Soyons réalistes… Bien souvent, la transformation digitale se limite à des changements superficiels, enjolivés par une communication interne sans effet. L’impact du digital sur l'économie n’en est qu’à ses débuts et nous n’avons pas encore vu les applications pratiques de l’intelligence artificielle. A moyen terme, le retard pris risque de coûter très cher à de nombreuses entreprises.

Les concours d’innovation , les labs, les hackatons se multiplient, souvent à raison. Les approches collaboratives via des groupes de travail ou des forums digitaux sont en phase avec la philosophie collaborative du web. Elles permettent de donner la parole à des populations jeunes souvent privées de chapitre. 

Pourtant, ces approches déçoivent. Les projets peinent à faire naître de vrais projets disruptifs. Les résultats sont, au mieux, en demi-teinte.


Résistance des couches intermédiaires


En règle générale, le management intermédiaire est souvent le maillon faible de la transformation digitale. Il y a plusieurs raisons à cela.

- Le digital dégrade à court terme la performance des équipes. Un projet digital est fait de tâtonnements, d’incertitude. Il faut parfois plusieurs années pour en voir des résultats. Jacques-Antoine Granjon a échoué pendant plusieurs années avant de réussir Vente Privée. Or, un manager s'inscrit souvent dans un horizon de temps limité. Son attention se concentre sur les indicateurs sensibles à court terme, ceux qui comptent pour son bonus de fin d’année. 

- Le digital peut remettre en cause les positions de pouvoir. Pour certains managers, le projet digital peut se manifester par une remise en cause profonde : modification des modes de travail, des outils, partage d’une information exclusive comme la donnée clients. Le digital peut aussi conduire à des pertes d’effectifs. Un outil comme Semantia permet, grâce à l’intelligence artificielle, d’automatiser les contacts et, par voie de conséquence, de réduire les effectifs du service clients de 50 %. Une décision difficile à prendre pour un responsable de call center.

- L’absence de moyens financiers. Souvent, les idées ne manquent pas mais les budgets réduits année après année ne sont pas à la hauteur. Les entreprises souffrent d’une schizophrénie évidente : se transformer mais sans dépenser un sou. Elles rentrent malheureusement en compétition avec des startup qui lèvent des millions d’euros, ayant su convaincre des investisseurs plus avisés. Ces startup, éduquées dans la philosophie du lean, savent de plus travailler vite et bien, sans perdre des heures en réunions inutiles. Le résultat est couru d’avance. 

- L’absence de vision d’ensemble. Pris par le quotidien, le middle management ne saisit pas toujours les enjeux de la transformation digitale. Pour être efficace, la transformation digitale doit abolir de nombreux silos. Elle doit revoir de fond en comble les processus, notamment ceux de la relation client. 

Une vraie transformation digitale impacte le cœur du réacteur : l’offre de produit et de service. Accor a décidé de vendre sur son site des offres concurrentes. Cette décision brillante, qui vise à contrer les voyagistes en ligne, ne peut venir que d’une direction suffisamment éclairée.
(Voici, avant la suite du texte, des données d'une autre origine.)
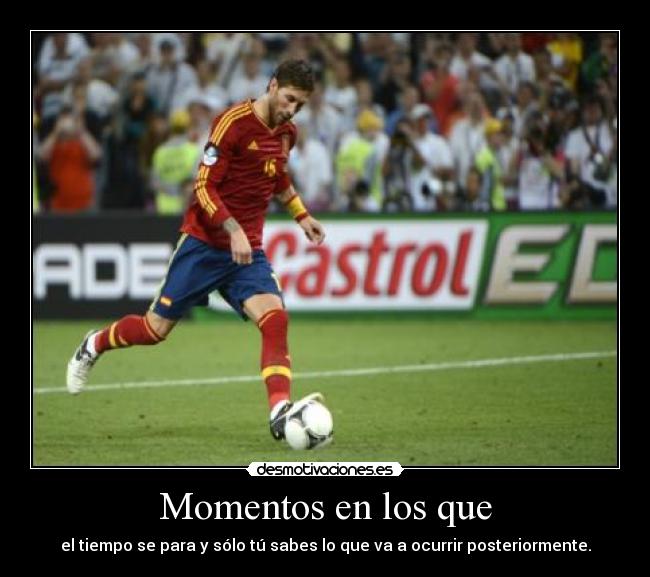 Momentos en los que - 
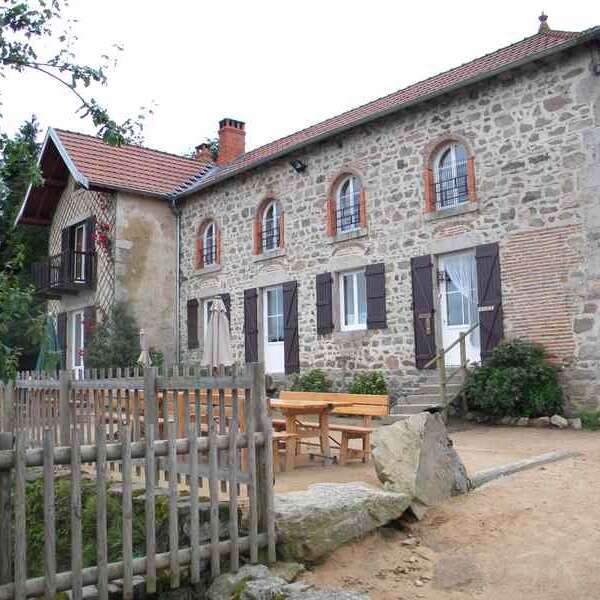 Gîtes de Bécajat
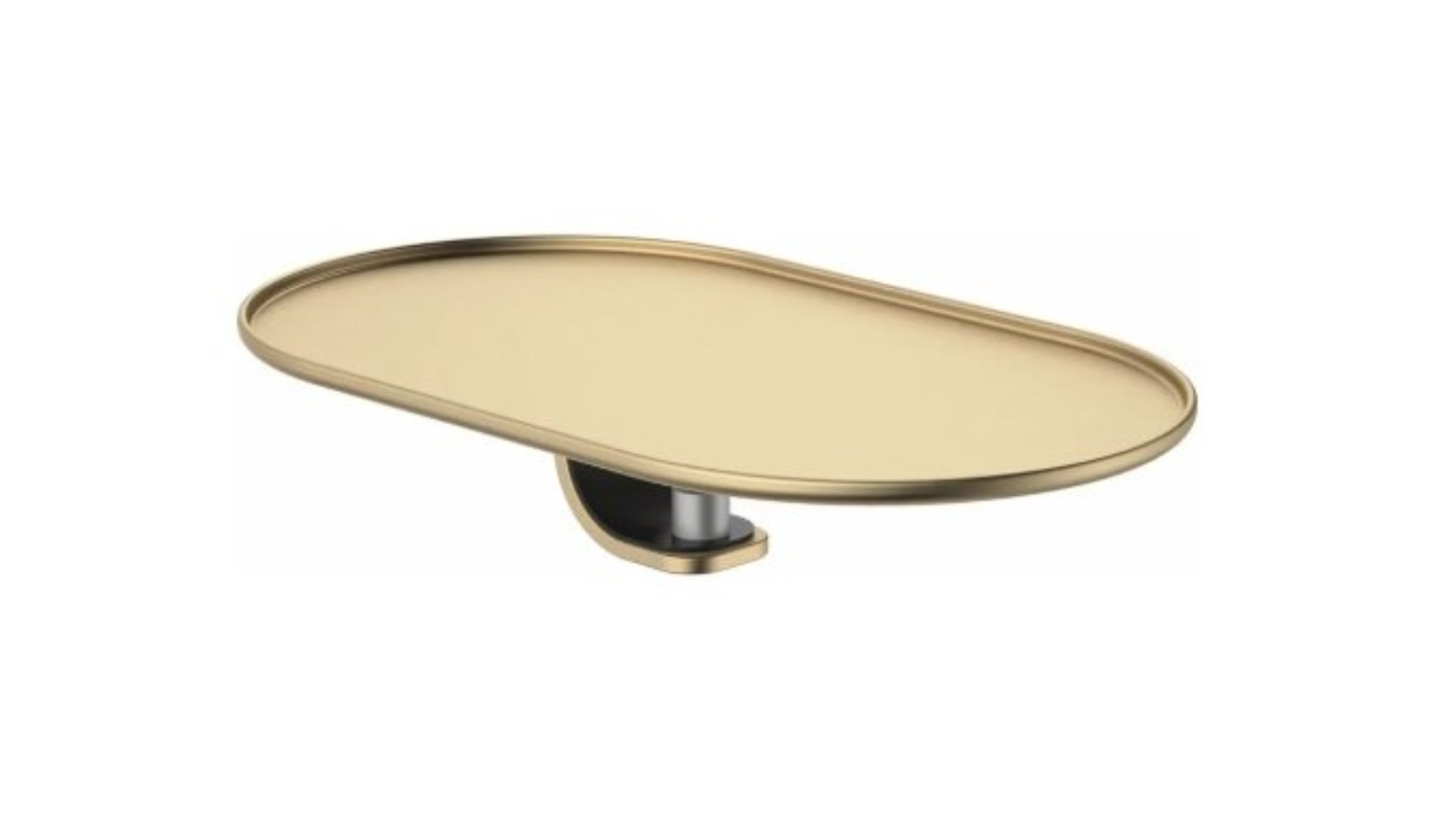 Caroma Urbane II Universal Accessory Shelf - Brushed Brass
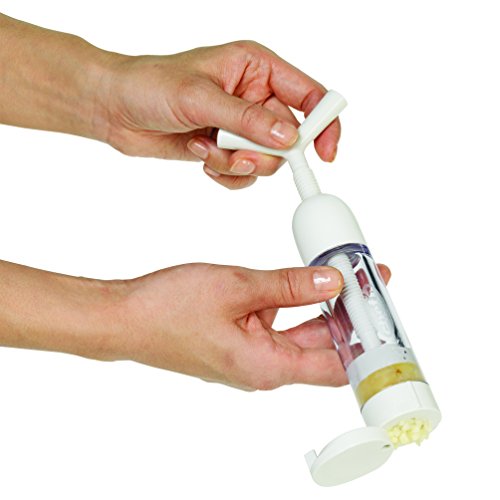 Chef’n 27440 Knoblauchschneider – Garlic Machine - 6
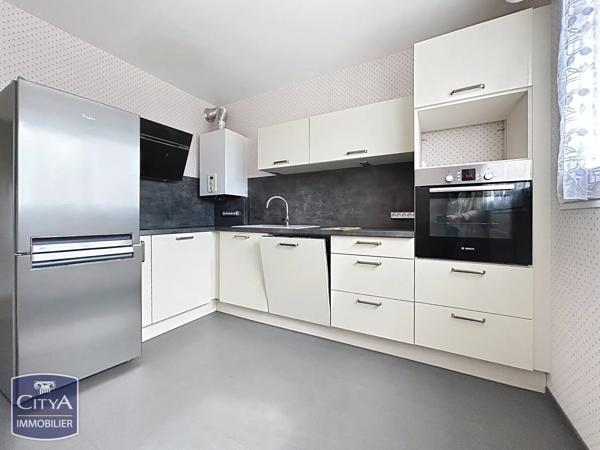 Appartement à vendre 3 pièces 76.28m² Blois (41000)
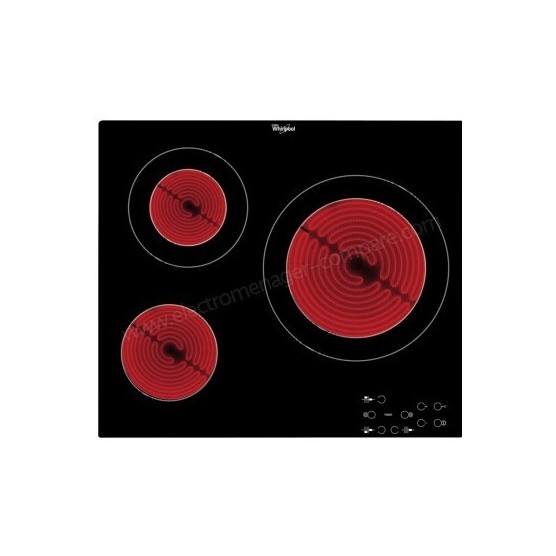 Plaque de Cuisson AKT8030/NE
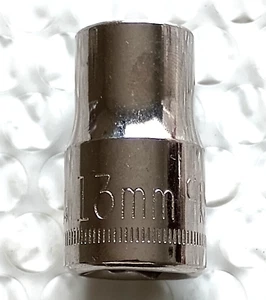CRAFTSMAN TOOLS USA G244234, 1/2" DRIVE, 13MM. SOCKET, SHALLOW, 12 POINT. - Bild 1 von 9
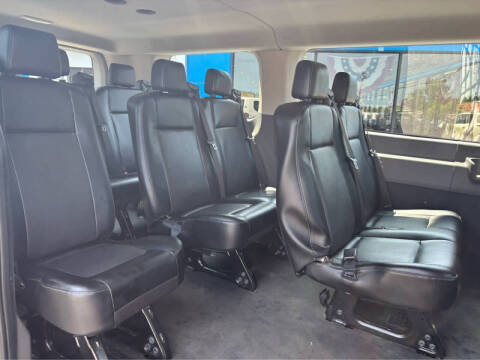 2020 Ford Transit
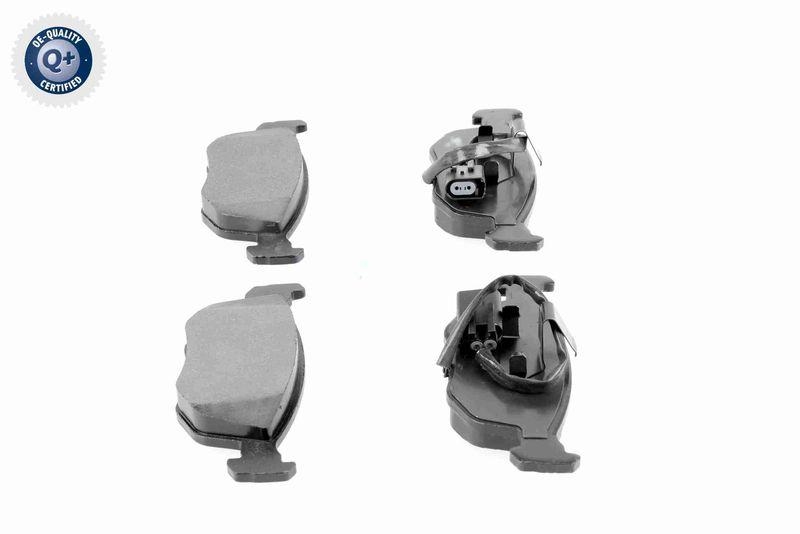 VAICO V25-0164 Bremsbelagsatz, Scheibenbremse Vorderachse Wva: 21358, 21579, Ate - Tev f&uuml;r FORD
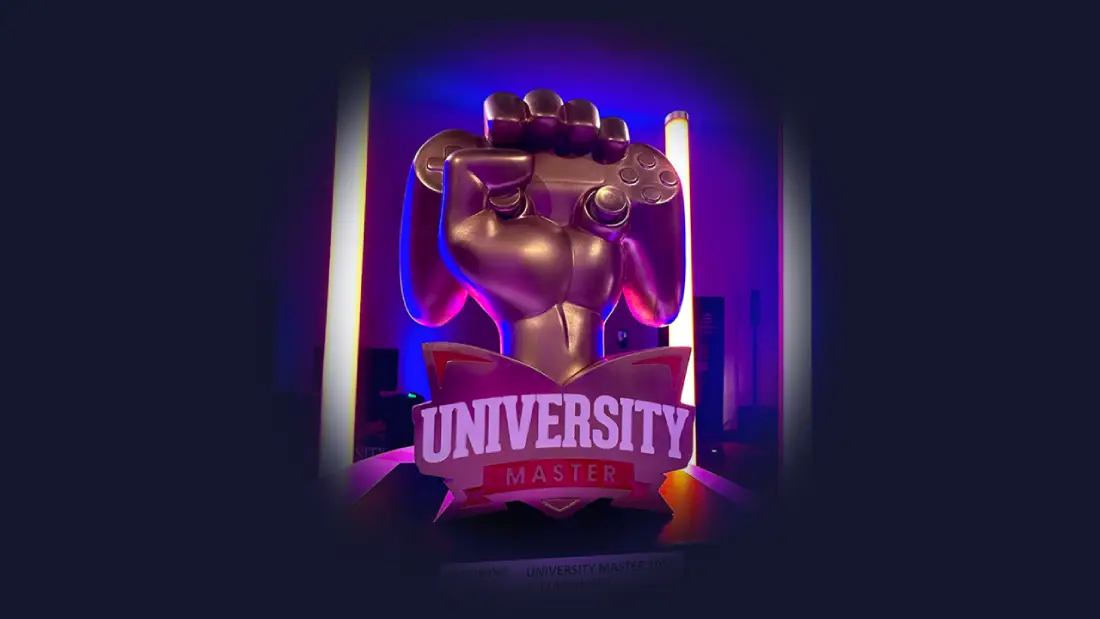 University Master torneo esport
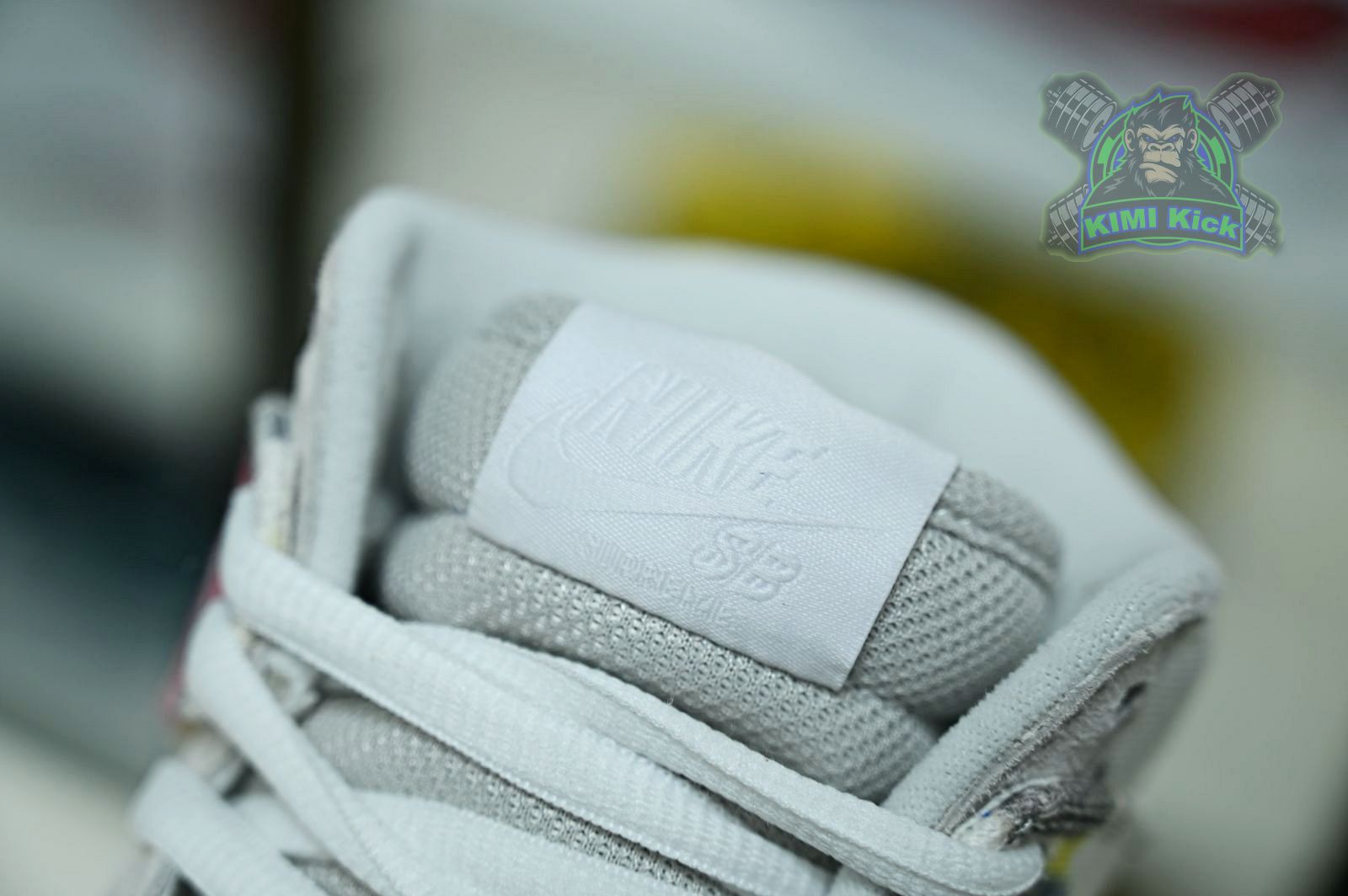 Supreme x Nike Dunk SB High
Le rôle clé du top manager


Le senior management doit impulser cette remise en cause stratégique. Il doit aussi sacrifier la rentabilité actuelle, tâche éminemment difficile. 
Le vrai échec de Kodak n’est pas technologique comme on l’affirme souvent. La société avait inventé les appareils digitaux, ainsi que la notion de partage des photos. La crainte de cannibaliser l’activité historique et l’incompréhension du marché ont empêché l’entreprise de muter assez vite pour survivre.
A contrario, la Fnac a réussi à prendre le virage du digital en raison de la vision éclairée de son actionnaire François-Henri Pinault. Dans les années 2000, le site e-commerce perdait plusieurs dizaines de millions d’euros par an. La persistance et le courage managérial ont permis à la Fnac de survivre, contrairement à son homologue américain Borders qui a fait faillite en 2011.
Un projet d’innovation est donc, comme on l'a vu, on ne peut plus fragile. La direction générale doit donc faire preuve d'un courage avéré et d'une forte conviction pour mener à bien son projet. Les freins, les obstacles sont nombreux sur son chemin, il lui faut s'armer de patience et de diplomatie.